Keir Starmer, novello “nuovo Churchill” della politica, non aspettava l'ora di gettare nella mischia il Regno Unito: questione di proiezione di potenza, di ambizione mondiale, di far vedere a tutti che Londra è ancora in prima fila nel decidere le sorti di alcune delle aree più calde del pianeta. Questione anche economica e geopolitica, perché il Medio Oriente è senza padrone e chiunque pianterà per primo la bandierina in quei deserti otterrà, forse, vantaggi decisivi in campo energetico e commerciale. Proprio in Medio Oriente Sir Starmer ha inviato aerei militari, tra cui i temibili Typhoon, ufficialmente “per fornire supporto di emergenza in tutta la regione”, difendere le basi Uk in loco e tentare una de-escalation, ufficiosamente per spalleggiare Israele in caso di necessità, come ha scritto la ben più esplicita e realista stampa british: “Britain on a war footing as more Iranian missiles hit Israel”. Londra è da tempo in prima linea in Medio Oriente: qualche mese fa aveva difeso Israele contro una pioggia di missili iraniani e colpito gli Houthi in Yemen – di fatto amici dell'Iran - con Typhoon e bombe di precisione Paveway IV. È qui che si collegano più dossier: Israele che vuole neutralizzare ogni nemico nei paraggi; Londra e Parigi che ambiscono a rendere sicuro lo Stretto di Hormutz e il Mar Rosso da Teheran e gli Houthi; Starmer, spalleggiato dalla Francia di Emmanuel Macron, che sogna un'Uk imperiale e imperialista.
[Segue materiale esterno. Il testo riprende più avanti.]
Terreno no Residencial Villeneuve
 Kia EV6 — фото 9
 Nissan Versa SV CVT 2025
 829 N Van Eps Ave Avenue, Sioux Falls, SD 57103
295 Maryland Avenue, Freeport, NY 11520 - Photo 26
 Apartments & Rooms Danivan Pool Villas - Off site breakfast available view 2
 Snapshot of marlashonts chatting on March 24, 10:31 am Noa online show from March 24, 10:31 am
La posta in palio per chi sarà in grado di controllare il Medio Oriente? Ricchissima. Partiamo dallo Stretto di Hormuz, uno dei passaggi marittimi più strategici e contesi del mondo. È un canale largo circa 33 chilometri, situato tra l'Iran a nord e l'Oman/Emirati Arabi Uniti a sud, che collega il Golfo Persico al Golfo di Oman e quindi all'Oceano Indiano. Da qui transita ogni giorno il 20% del petrolio mondiale (più di 20 milioni di barili), enormi volumi di gas naturale liquefatto (GNL) e ingenti esportazioni di merci da numerosi Paesi asiatici. Negli ultimi anni (soprattutto tra il 2019 e il 2024), ci sono stati diversi attacchi a navi commerciali, spesso attribuiti a milizie iraniane o attori non statali sostenuti da Teheran. Bingo: silenziare gli Ayatollah consentirebbe alle potenze occidentali di dominare la scena e controllare l'intera arena mediorientale (anche a scapito di altri rivali, su tutti la Cina). Londra, dopo essere stata eclissata dagli Stati Uniti – una creazione britannica – ha fame di gloria e ha presumibilmente fiutato l'occasione giusta per recuperare il terreno perduto. I piani del “nuovo Churchill” Starmer dipenderanno però da Trump: se il tycoon continuerà a ignorare il Medio Oriente, limitandosi a difendere Israele in maniera indiretta, allora il Regno Unito avrà un discreto margine d'azione per conquistare la prateria locale. In caso contrario c'è il rischio di assistere a un'escalation fine a se stessa. Senza vincitori né vinti.